Pointée souvent du doigt pour ses livraisons d’armes au gouvernement israélien, le Macron a tenu à clarifier la situation. “Contrairement à ce que beaucoup de gens disent, la France contribue à la sécurité d'Israël face aux missiles qui peuvent l'attaquer, par des composantes”, affirme-t-il, avant d’ajouter, “Nous ne livrons pas d'armes et nous ne participons pas aux opérations militaires.”
- La Cisjordanie : Ligne rouge selon Emmanuel Macron
Macron a averti que toute tentative d’annexion de la Cisjordanie constituerait une "ligne rouge", et qu’une telle démarche minerait toute possibilité de chemin politique viable pour les Palestiniens. La France coordonne sa position avec les États-Unis et les pays européens afin de prévenir toute action unilatérale qui pourrait compromettre la stabilité régionale.

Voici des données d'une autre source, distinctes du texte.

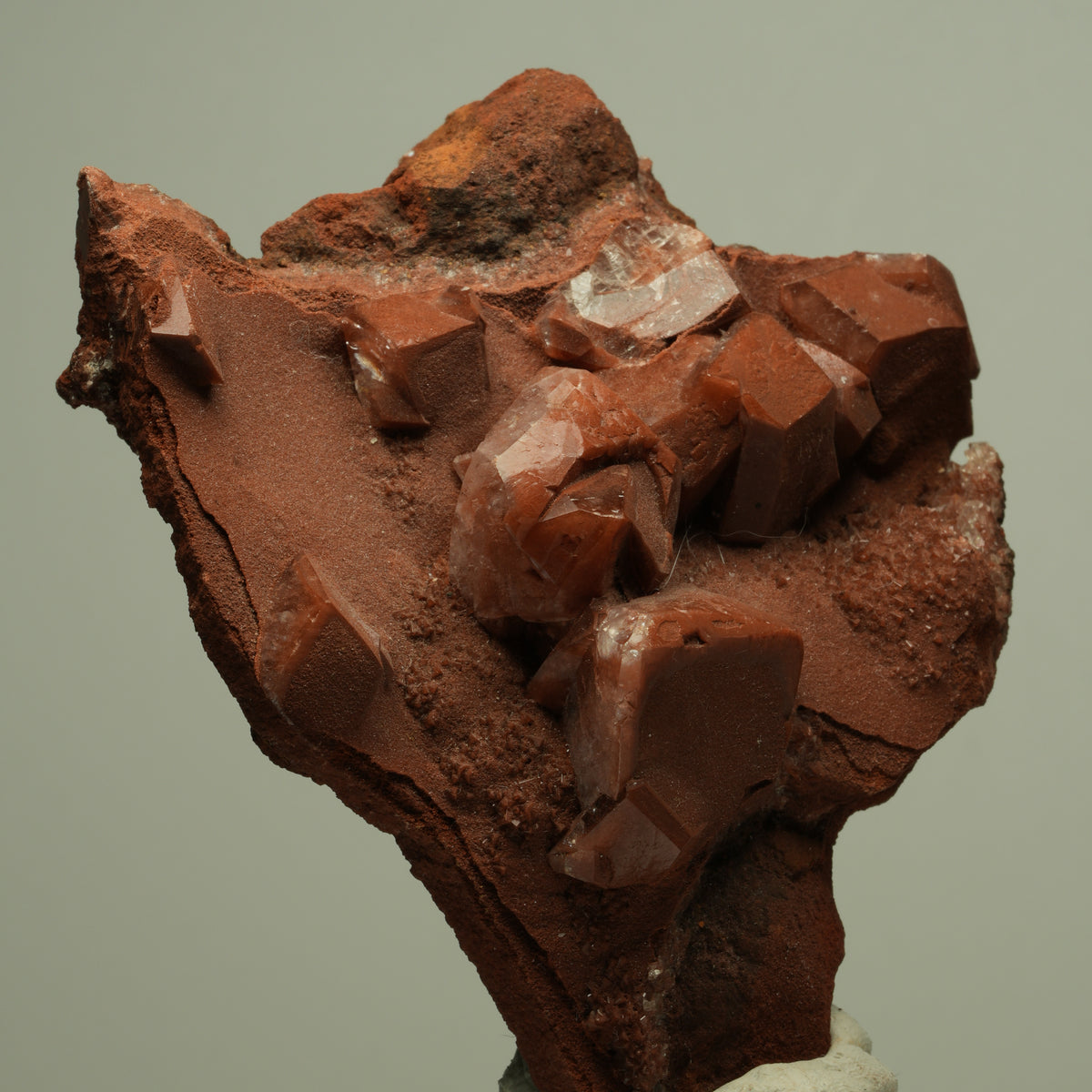 Calcit-Kristallstufe mit roter Hämatit-Kruste auf Matrix Unbekannt 90*76*32mm #14874
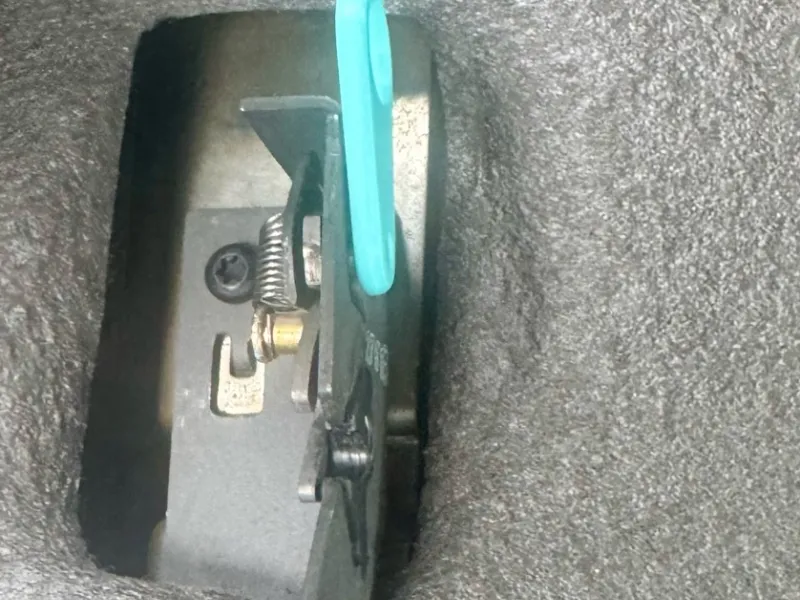 Tirador del pestillo para la liberación del asiento trasero del Ford F150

- Contexte politique et diplomatique
Macron a rappelé la position unique de la France, qui abrite la plus grande communauté juive et musulmane d’Europe, et a souligné que son initiative diplomatique ne se limite pas à la reconnaissance : "Notre rôle est de rassembler, d’expliquer et de construire un plan crédible pour la paix", a-t-il insisté. Il a également évoqué les efforts pour prévenir l’antisémitisme et toutes formes de discrimination, en détaillant les mesures de protection et les actions éducatives mises en place.
- Une diplomatie proactive
Le président français a conclu en soulignant le rôle actif de la France dans la médiation internationale, en coopération avec les États-Unis et les pays arabes, pour protéger les populations civiles et favoriser un cessez-le-feu durable. "Nous ne sommes pas des acteurs armés, mais nous avons un rôle diplomatique essentiel", a-t-il précisé.